In the
Land of the Blue Poppies - Frank Kingdon-Ward
Kingdon-Ward
(1885 - 1958) wrote many books about his plant hunting in Asia. This book
collects his writings about Burma and eastern Tibet in the 1920s and 1930s. He
focused on trees in the mountains, the struggling shrubs in screes, and the
flowers in the fields. Readers into botany, horticulture, gardening, and travel
narratives by the intrepid British will find this enjoyable because the author
is genial without being dotty or wooly and observant.
Kingdon-Ward
was born in 1885, the son of a professor of botany at Cambridge. He was
educated at Christ's College, Cambridge, where he took honors in Natural
Science in 1906. The following year he took up a teaching post in Shanghai. But
the passion of instruction was not as strong as a yen for the wild. In 1909
went exploring into the interior of China, which still had large areas that
were unknown to Europeans.
He spent
the fifty years travelling and plant collecting in the mountains where China,
Tibet, India and Burma meet. His efforts at gathering seeds enriched English
gardens, though he regretted not making any money from his work. He specialized
in rhododendrons, primulas, lilies, gentians and poppies. Of these, he was one
to always note a rhododendron.
I must
confess that that this book took me out of my comfort zone. I can barely
identify a half-dozen flowers so his so his knowledge of and ability to
identify plants in the most unlikely places seem to me almost supernatural.

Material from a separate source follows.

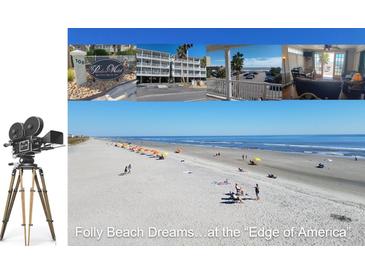 Aerial view of beach, parking, and building at 106 W Arctic Ave # 1D, Folly Beach, SC 29439
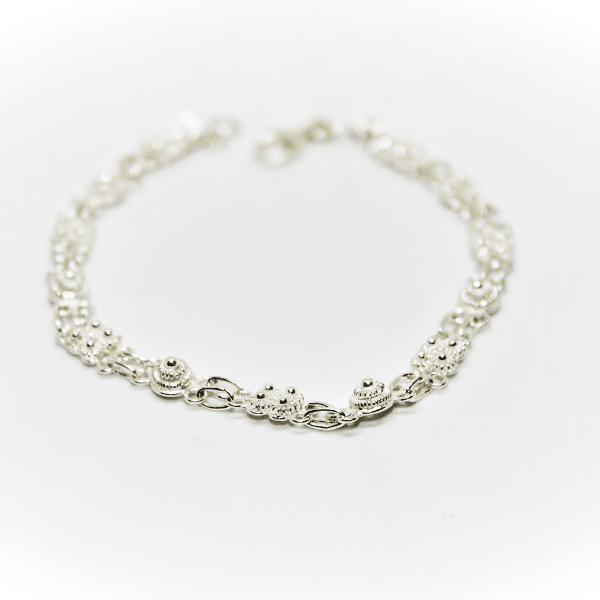 Bracelet with honeycomb buttons in Sardinian filigree, white silver –  Gioielleria Mele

Like many veterans of public schools, he could deal with hardship. Without
making a big deal about it, he tells stories here about managing through heat,
steep climbing, torrential rain and treacherous rope bridges.
True, he’s
not terribly enlightened about the local people. Nor is his prose as smooth and
erudite as other British travelers. But I think readers into quietly exciting
travel narratives would find this enjoyable.